A 68-yr-old hypertensive woman, suffering from glaucoma, was admitted for an elective cataract extraction. She had undergone thyroidectomy 10 yr earlier. Mannitol (1.5 g centered dot kg-1 centered dot day-1) was started to decrease intraocular pressure. Preoperative examination and routine blood biochemistries were within normal limits Table 1. The electrocardiogram (ECG) showed left ventricular hypertrophy, strain, and a normal QT interval corrected to rate (QTc) of 0.32 s. Premedication consisted of diazepam 10 mg orally. After breathing oxygen, anesthesia was induced with fentanyl 2 micro gram/kg, thiopental 3 mg/kg, and succinylcholine 1.5 mg/kg, and maintained with N2 O/O2 60:40 and paralysis was induced by alcuronium 0.2 mg/kg.

Table 1
Table 1:
Biochemical Variables in the Perioperative Period: Case 1

Fifteen minutes after induction of anesthesia, multiple ventricular premature beats followed by a sudden tachyarrhythmia resembling VF, were noticed and blood pressure (BP) decreased to 70/50 mm Hg. Intravenous lidocaine up to 2 mg/kg followed by 5 mg/kg of bretylium had no effect and the arrhythmia persisted.

The ECG trace showed polymorphous ventricular tachycardia (VT) with twisting of the QRS axis around the baseline at a rate of 150/min Figure 1, suggesting a TdPVT. A 200-joule direct current (DC), countershock successfully reversed the VT into sinus rhythm and a second ECG showed sinus rhythm with prolonged QTc interval (0.53 s). Blood biochemistry revealed a potassium of 3.3 mEq/L (normal 3.5-5 mEq/L) and magnesium 1.8 mEq/L (normal 1.5-2.5 mEq/L), total serum calcium 1.6 mEq/L (normal 2.2-2.7 mEq/L), and respiratory alkalosis Table 1. Hypokalemia and hypocalcemia were caused by a combination of hyperventilation, mannitol therapy, and a hidden hypoparathyroidism after total thyroidectomy.

Figure 1
Figure 1:
Sinus rhythm (upper trace), followed suddenly by ventricular tachycardia with twisting of the QRS axis around the baseline--Torsade de Pointes (middle and lower trace). The arrow indicates the point where direct current countershock was applied, reversing Torsade de Pointes ventricular tachycardia into sinus rhythm.

VT recurred 15 times during anesthesia and later in the intensive coronary care unit.

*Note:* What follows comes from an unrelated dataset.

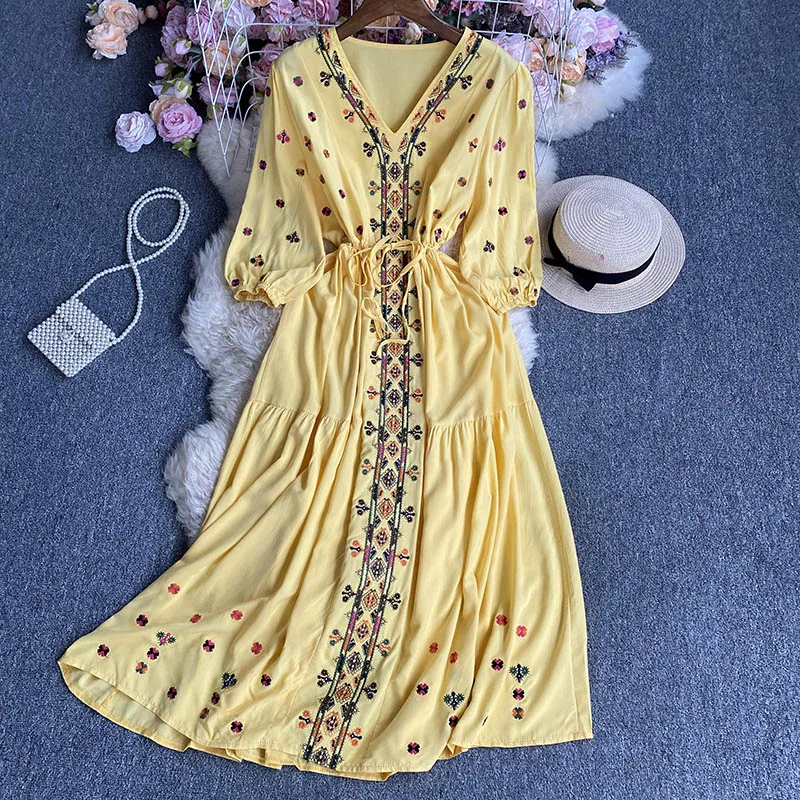 

Autumn V Neck Embroidered Half Sleeved A-line Bohemian Long Dress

Repeated administration of lidocaine (1 mg/kg) bretylium (5 mg/kg), and electric shocks were fruitless. Potassium chloride (26.4 mEq/h) calcium gluconate (4.4 mEq/h), and magnesium sulphate (4 mEq/h) replacement was started. TdPVT finally subsided when the serum levels of calcium and potassium reached 2.5 mEq/L and 3.9 mEq/L, respectively Table 1.

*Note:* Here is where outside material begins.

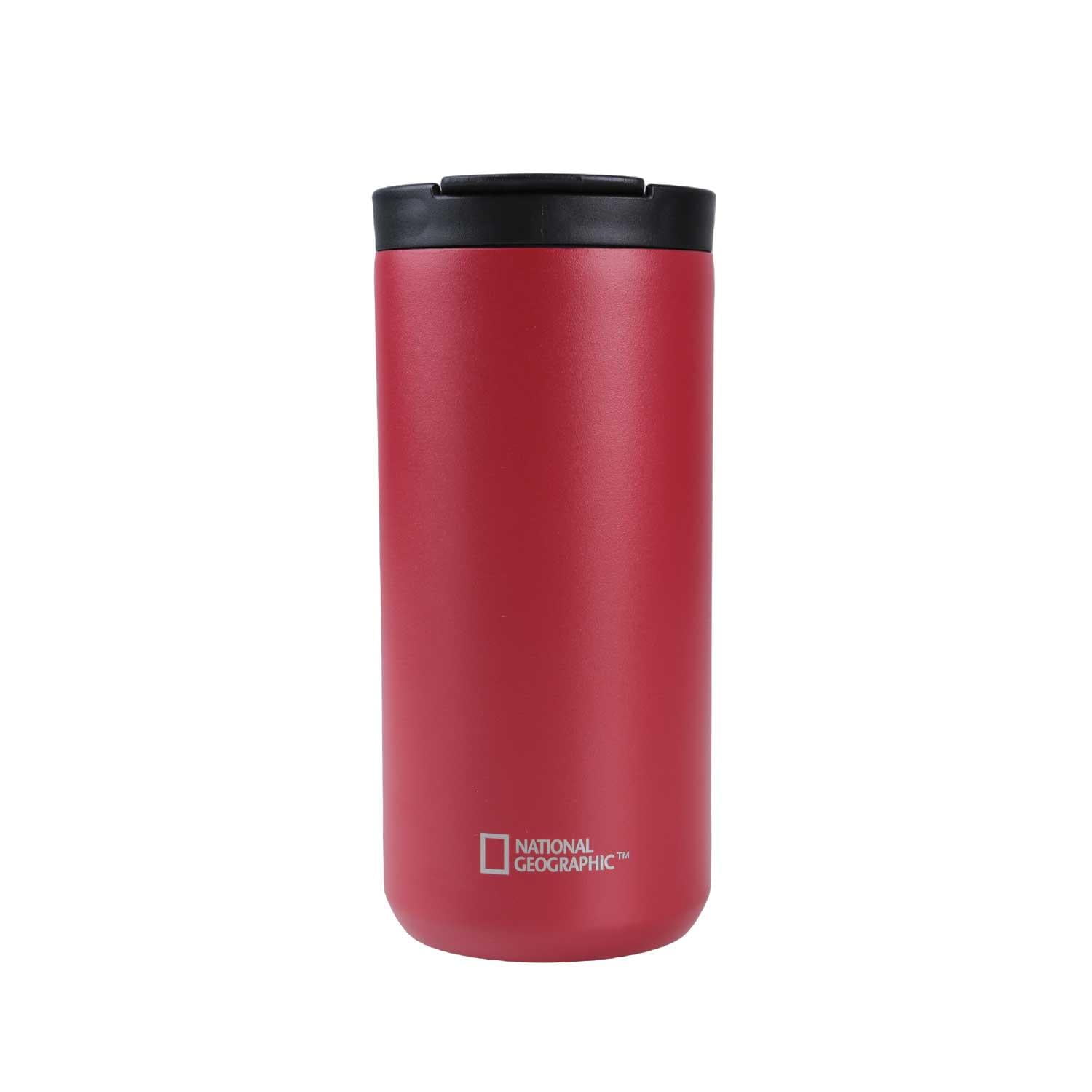 National Geographic - Mug Acero Inoxidable Tapa Flip Antideslizante 350ml Rojo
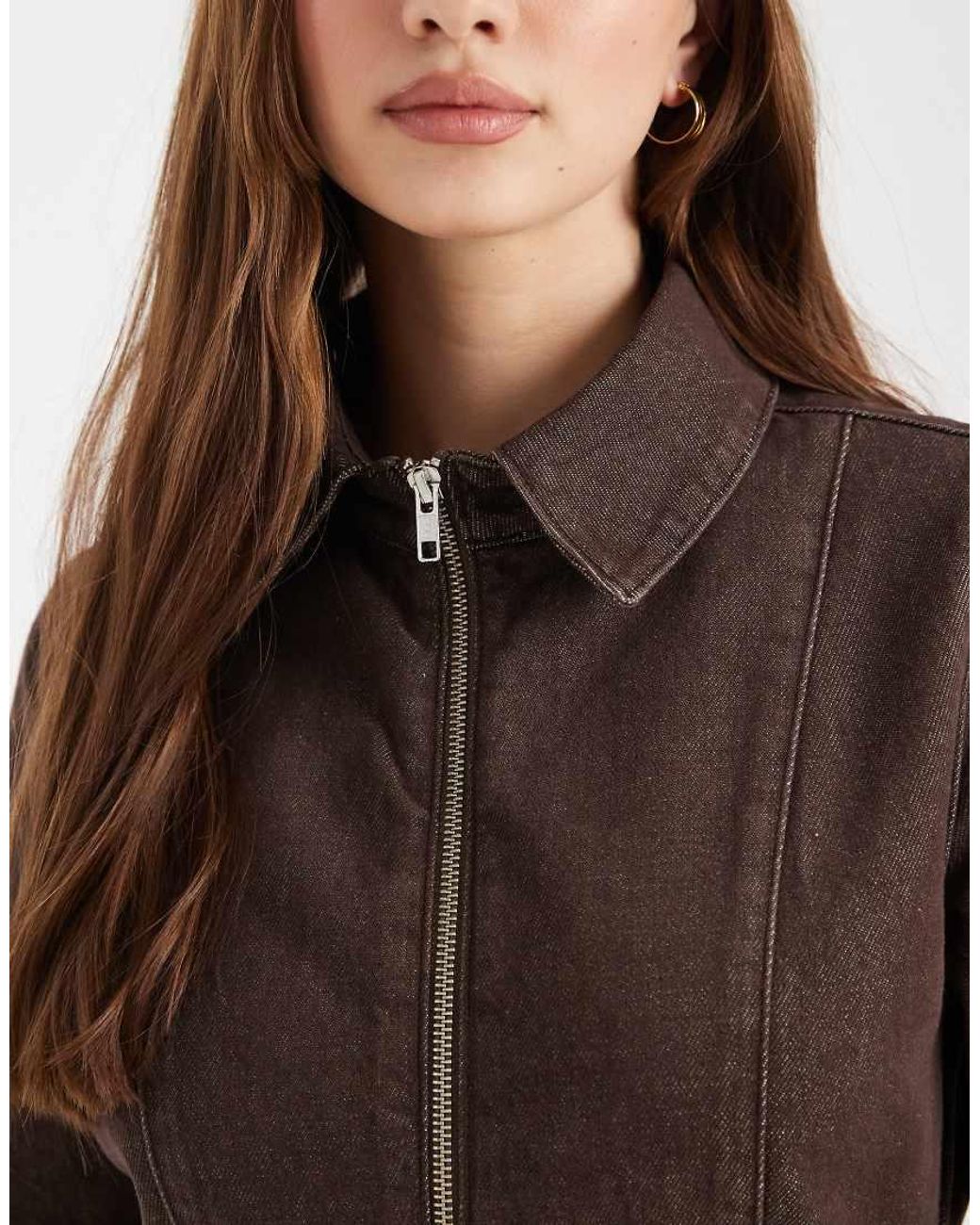 ASOS Brown Denim Zip Up Mini Dress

Ten days later, the patient underwent cataract extraction uneventfully under the same anesthetic technique.

Case 2

A 65-yr-old, otherwise healthy woman was scheduled for repair of an incarcerated femoral hernia. She had been vomiting during the last 6 days and looked wasted, with a BP of 120/80 mm Hg and heart rate of 120 bpm. Blood chemistry values were within normal limits, except for a mild hypokalemia (3.4 mEq/L) Table 2.

Table 2
Table 2:
Biochemical Variables in the Perioperative Period: Case 2

Lactated Ringer's solution, 3000 mL, was administered, and anesthesia was induced with thiopental 3 mg/kg and succinylcholine 1.5 mg/kg and maintained with fentanyl 5 micro gram/kg, pancuronium 0.08 mg/kg, and isoflurane. During tracheal extubation, while the patient was fully awake, a tachyarrhythmia resembling VT was noted. Lidocaine up to 2 mg/kg was administered without effect. The trachea was reintubated, and the patient ventilated with 100% oxygen. The ECG trace revealed TdPVT with QRS waves twisting around the baseline at rate of 160 bpm. At the same time, BP was 60/40 mm Hg. DC cardioversion (200 joules) successfully reversed the TdPVT into sinus rhythm. Prolonged QTc interval (0.62 s) and "U" waves were observed, and the blood chemistry showed severe combined metabolic and respiratory alkalosis, hypokalemia, hypocalcemia, and hypochloremia with normal magnesium levels Table 2. Potassium chloride (26.4 mEq/h), calcium gluconate (44 mEq/h), and magnesium sulphate (4 mEq/h), were administered until normal serum levels were obtained Table 2.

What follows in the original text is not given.